Calls for prohibition based on preserving the greater good don’t work. You can ban something but if the underlying need and desire remains, then those needs and desires will find a means of satiation. Usually on some form of grey or black market.
Look at all the speak easies that sprung up in the wake of the US’s attempt to prohibit booze. It was a miserable failure before its revocation after 12 years in 1932.
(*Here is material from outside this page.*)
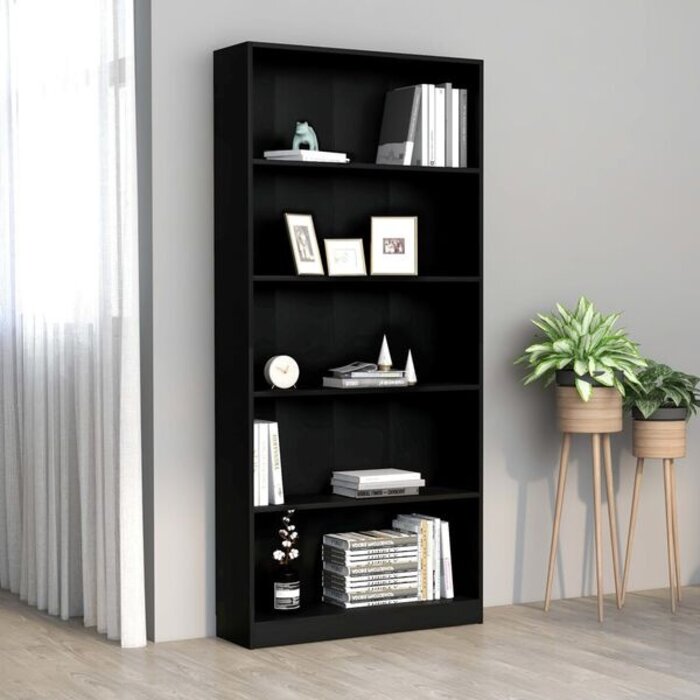 Vidaxl Bibliothèque 5 étagères 175cm noire - Jusqu'à -35% sur l'outlet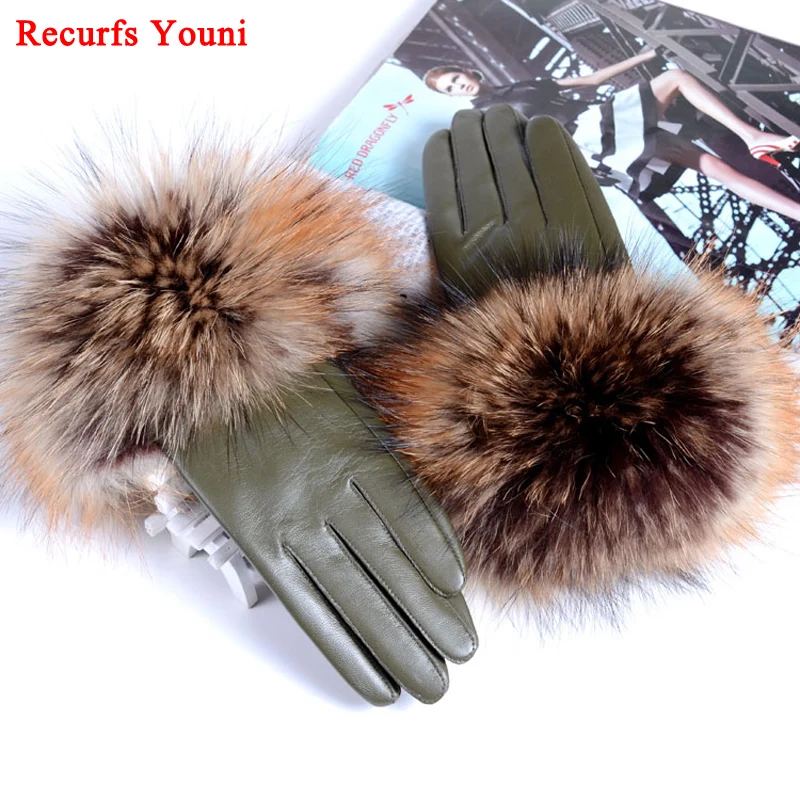 RYG2104 Branded New Woman Genuine Leather Raccoon Fur Gloves Female European Thin Lining Black/Dark Red/Arm Green Driving Luvas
Take a look in the mirror ball
In such a situation, quality control can be lost and suddenly you have unlicensed gatherings taking place where kids could be slugging back turbo-charged energy shots and worse – with far worse side effects including, inevitably, death.
The call is daft and doomed to failure, like most arguments centred around prohibition. Take away the evil energy shots and the kids will stop fornicating, drinking and taking drugs in these darkened, bleeping, hedonistic hype-pits.
The mirror ball will be replaced by a rainbow-coloured maypole tree that all the darling children can gaily dance around. This is a perceptual disturbance worse than any that may brought on by energy shot consumption at any level.
It is a proposal that should be given short shrift by regulators if and when they come to consider it.
Such energies would be better spent on education, on youthful integration into society, on research into the reasons a desire to over-consume such products exists in the first place, at many levels in many societies.
A more mature approach such as this would drain the easy scapegoating the BfR has engaged in on this occasion of its energy.
Shane Starling is editor of NutraIngredients-USA.com. He has been writing about the nutrition industry for about ten years.